The application relies on an API key from OpenAI, which is called at the top of app.py with os.environ.get("OPENAI_API_KEY").

Using a dedicated environment variable file helps keep your secret key out of the application source code. This is important because we will ultimately push it to a public GitHub repository.

Create a file named .env.

touch .env

Open the new file and add your API key for this project. Learn more about creating the API key here.

OPENAI_API_KEY='your-api-key-here'

6. Preview the application

From the terminal, run the following command.

shiny run app.py

Now that everything looks good and we’ve created a file to help reproduce your local environment, it is time to get the code on GitHub.

7. Push to GitHub

Before syncing your project with the new repository, create a .gitignore file to indicate which files should not be included in that transfer.

touch .gitignore

Add the virtual environment folder and the envrionment variables file to the file.

venv/
.env

You are now ready to push your work to GitHub.

git init .
git commit -m "project v1.0"
git push -u origin main

Finally, refresh your GitHub repository page.
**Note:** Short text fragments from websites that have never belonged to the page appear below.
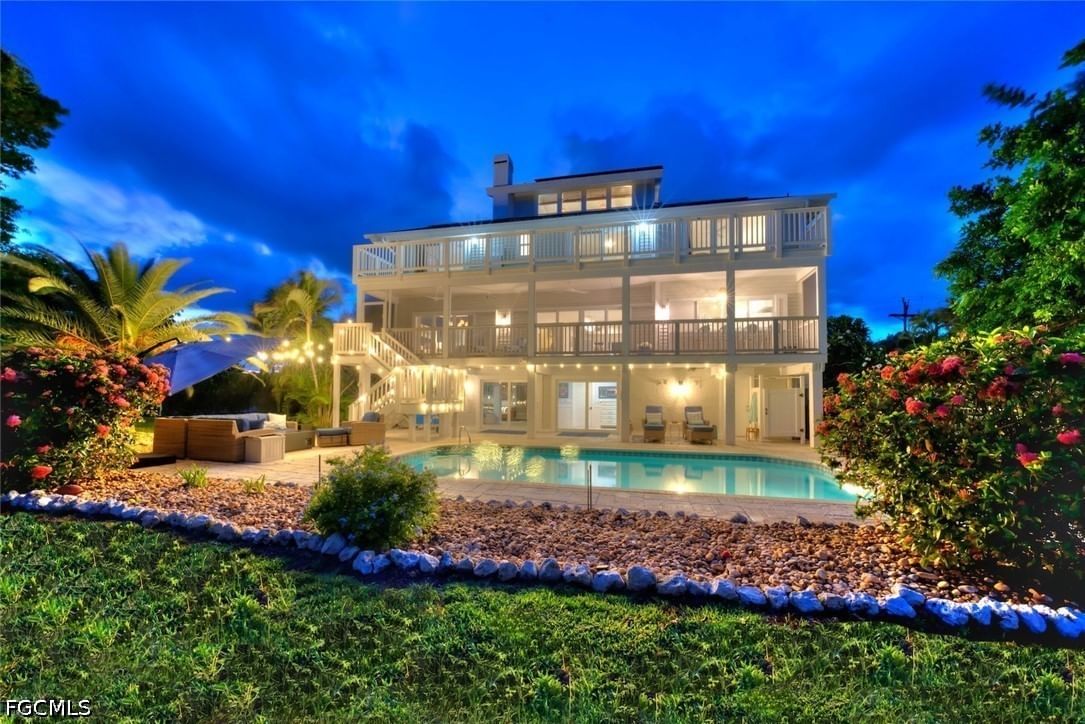 1048 Kings Crown Drive, Sanibel, FL 33957 photo 2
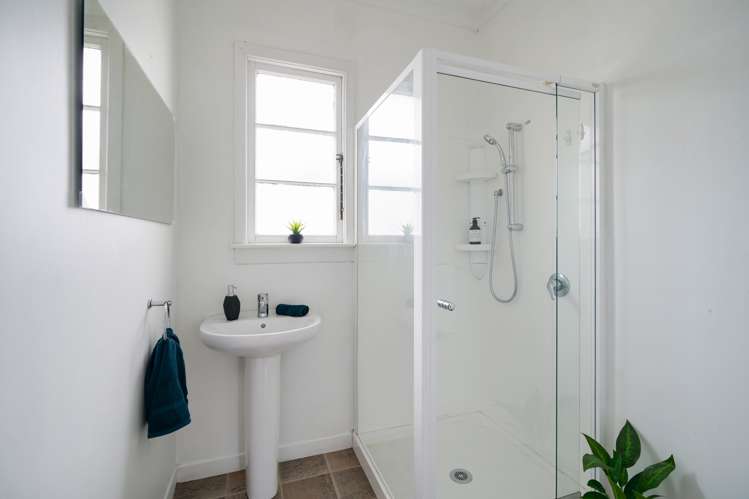 9 Avenal Street Avenal_9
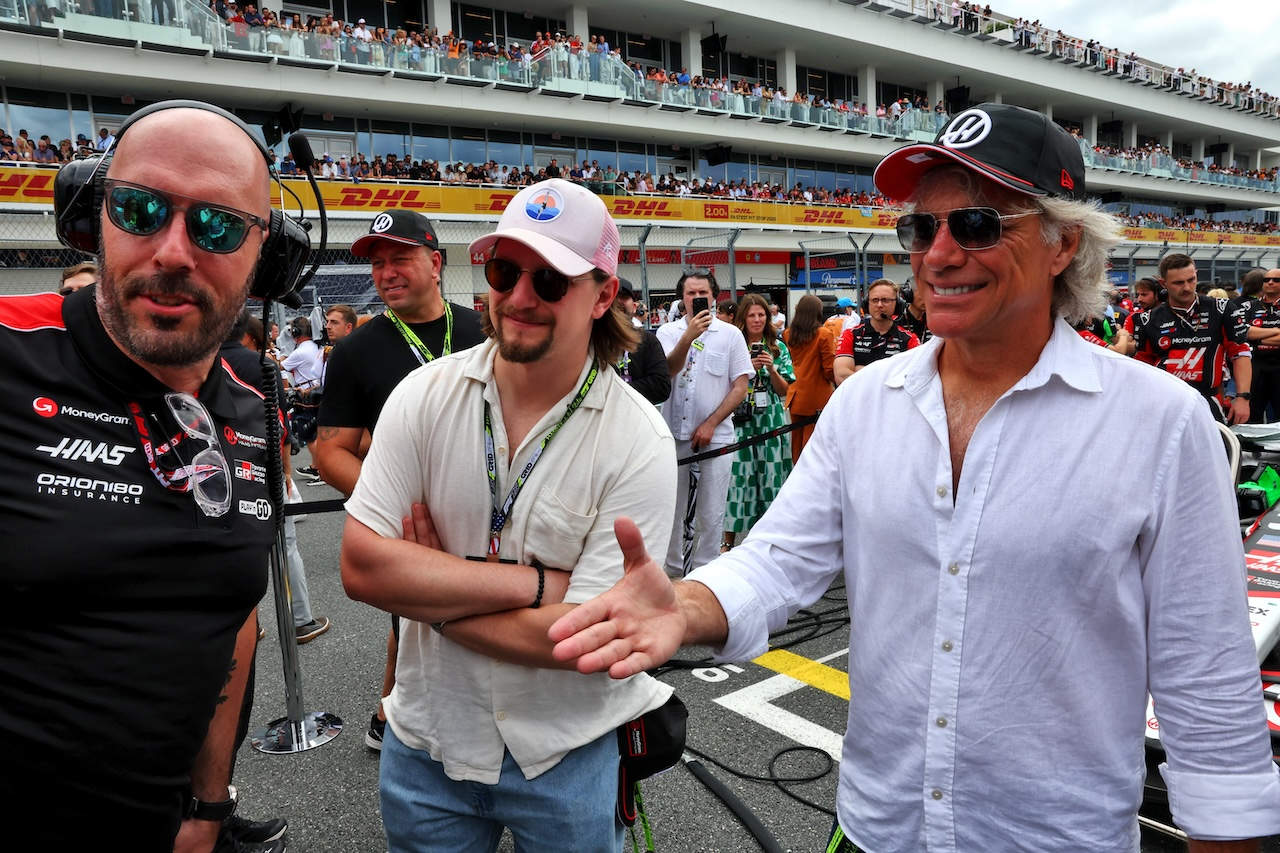 ボン・ジョヴィ来場／セブの活動／レゴよりも食事【SNSピックアップ今週のF1界】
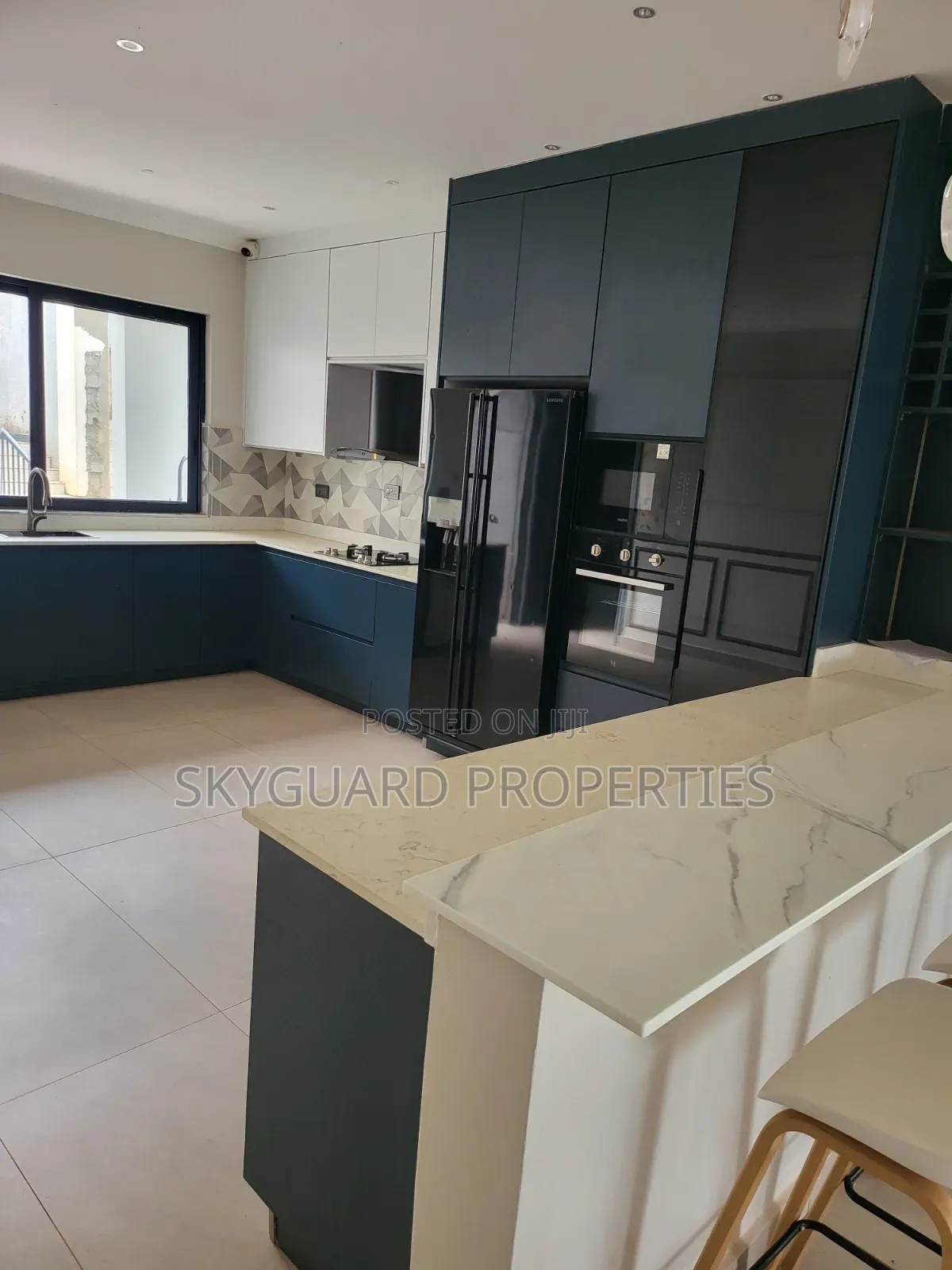 6bdrm Villa in Munyonyo, Central Division for rent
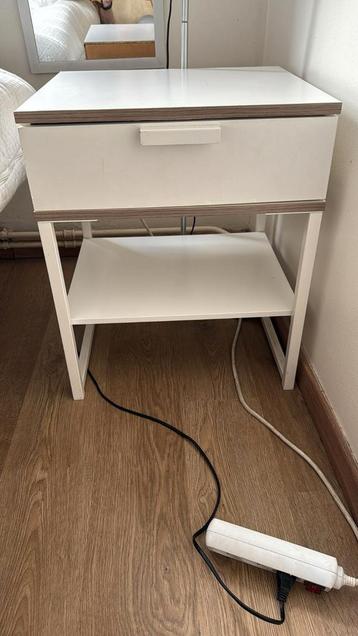 Night table  beschikbaar voor biedingen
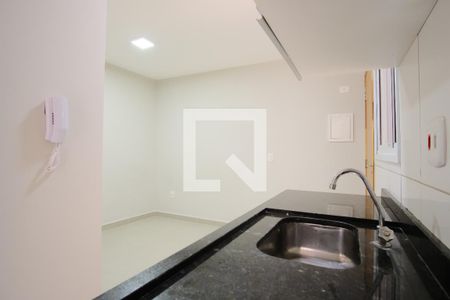 Sala/Cozinha de apartamento para alugar com 1 quarto, 35m² em Vila Esperança, São Paulo
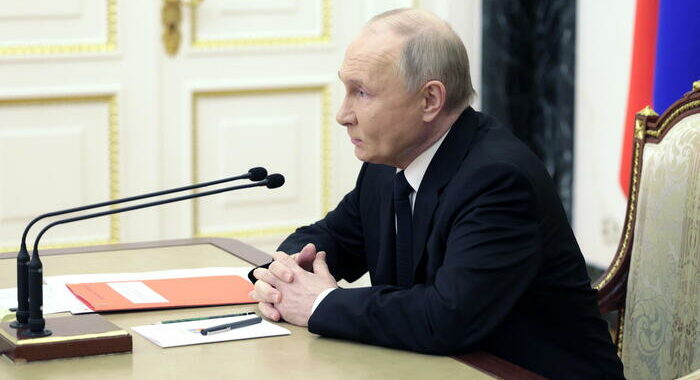 Putin, raid ai siti energetici Ucraina per smilitarizzarla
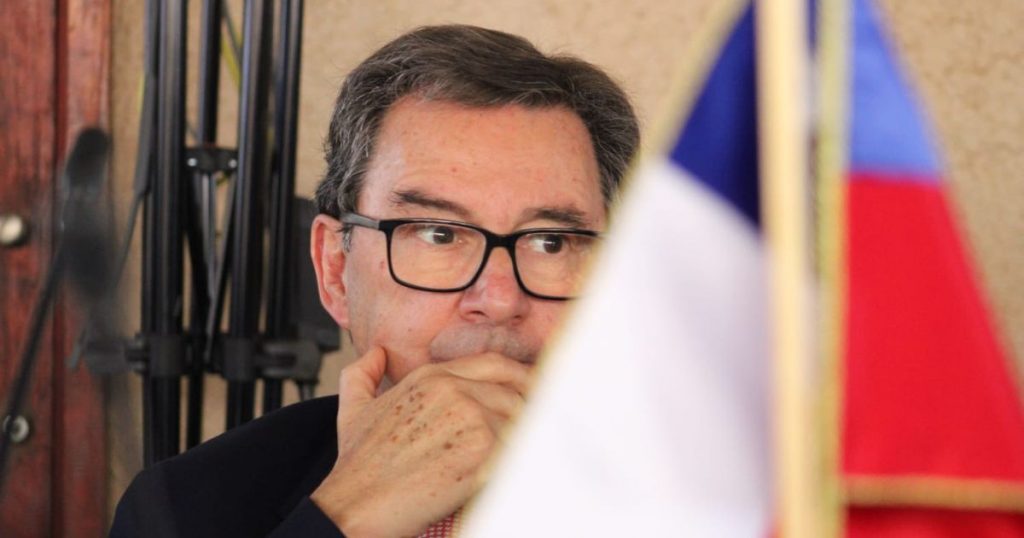 Ministro de Defensa participó en comisión del Senado en Arica y abordó desafíos de seguridad fronteriza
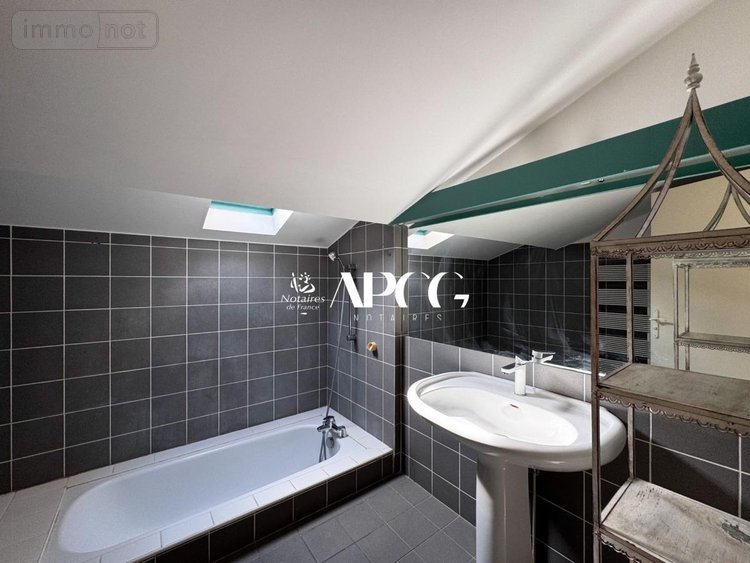 Appartement a vendre Nyons 26110 Drôme 107 m2 5 pièces 280000 euros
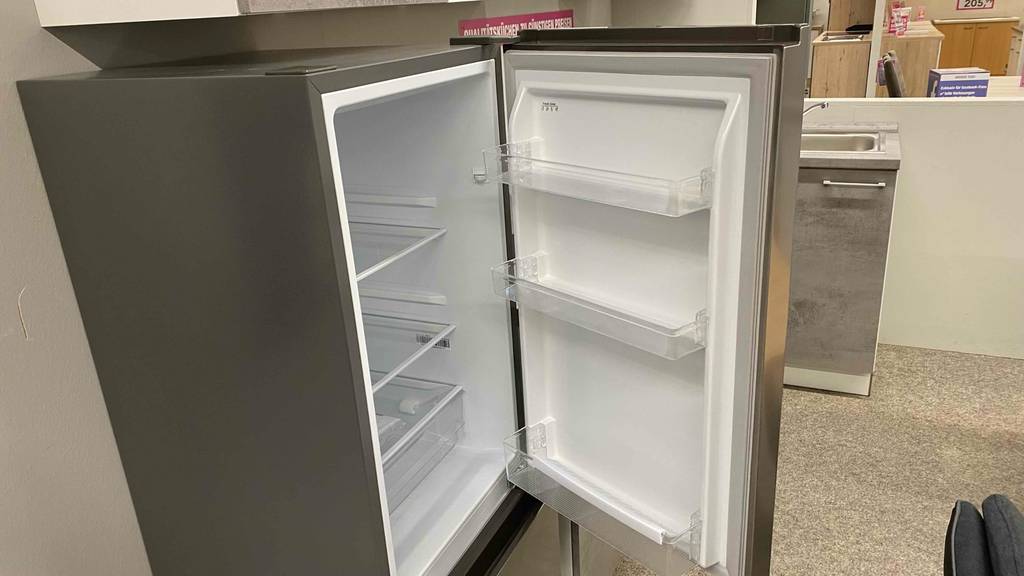 Geöffneter Bomann-Kühlschrank befindet sich in einer Küche.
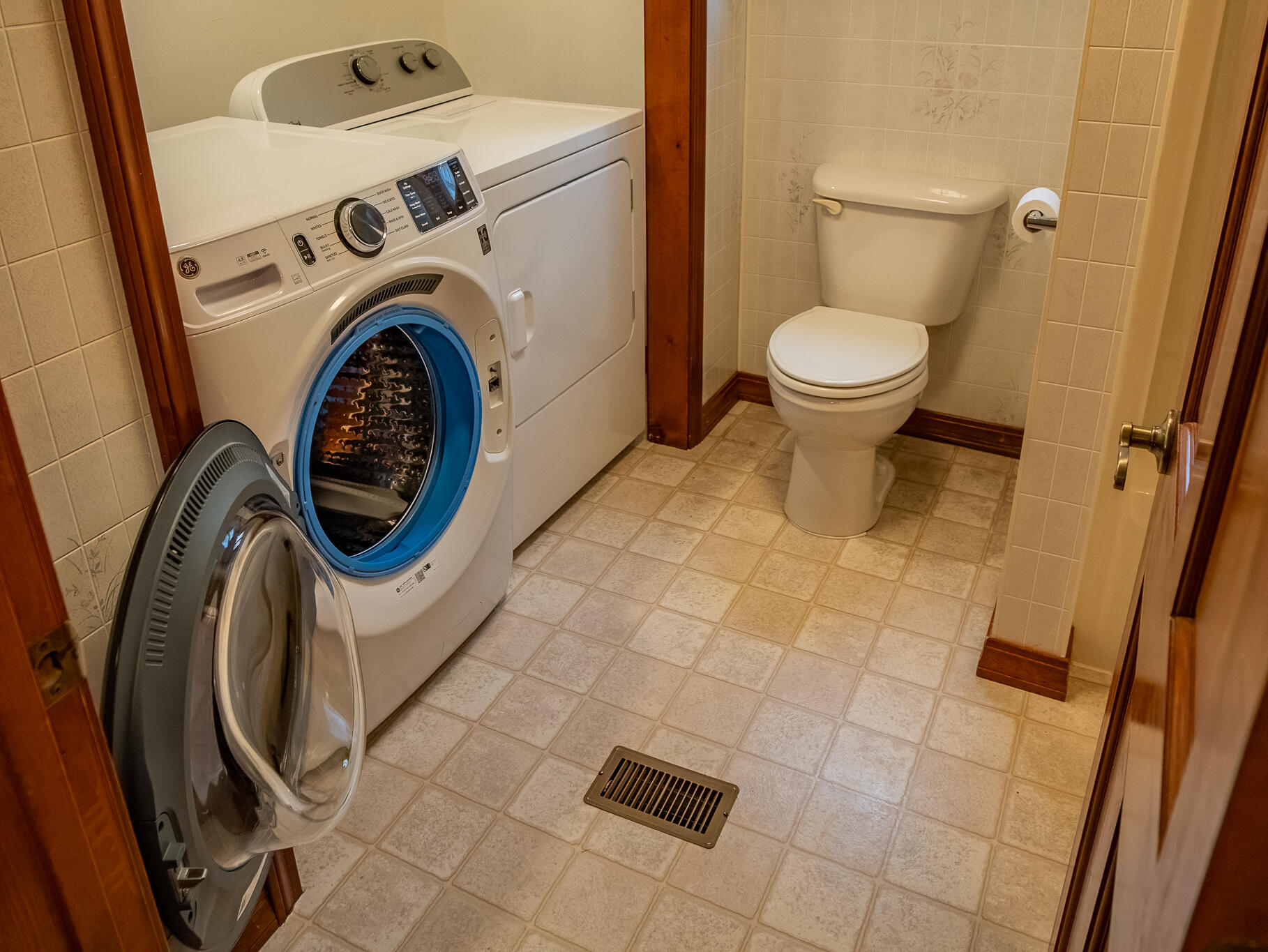 main property photo 14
You should see everything that was in your local directory with the exception of what was added to the .gitignore file.

8. Deploy to Posit Connect Cloud

Follow the steps below to deploy your project to Connect Cloud.

  1. Sign in to Connect Cloud.

  2. Click the Publish icon button on the top of your Profile page

  3. Select Shiny

  4. Select the public repository that you created in this tutorial

  5. Confirm the branch

  6. Select app.py as the primary file

  7. Click Advanced settings

  8. Click “Add variable” under “Configure variables”

  9. In the Name field, add OPENAI_API_KEY

  10. In the Value field, add your secret OpenAI API key

  11. Click Publish

Publishing will display status updates during the deployment process. You will also find build logs streaming on the lower part of the screen.

Congratulations! You successfully deployed to Connect Cloud and are now able to share the link with others.

9. Republish the application

If you update the code to your application or the underlying data source, commit and push the changes to your GitHub repository.

Once the repository has the updated code, you can republish the application on Connect Cloud by going to your Content List and clicking the republish icon.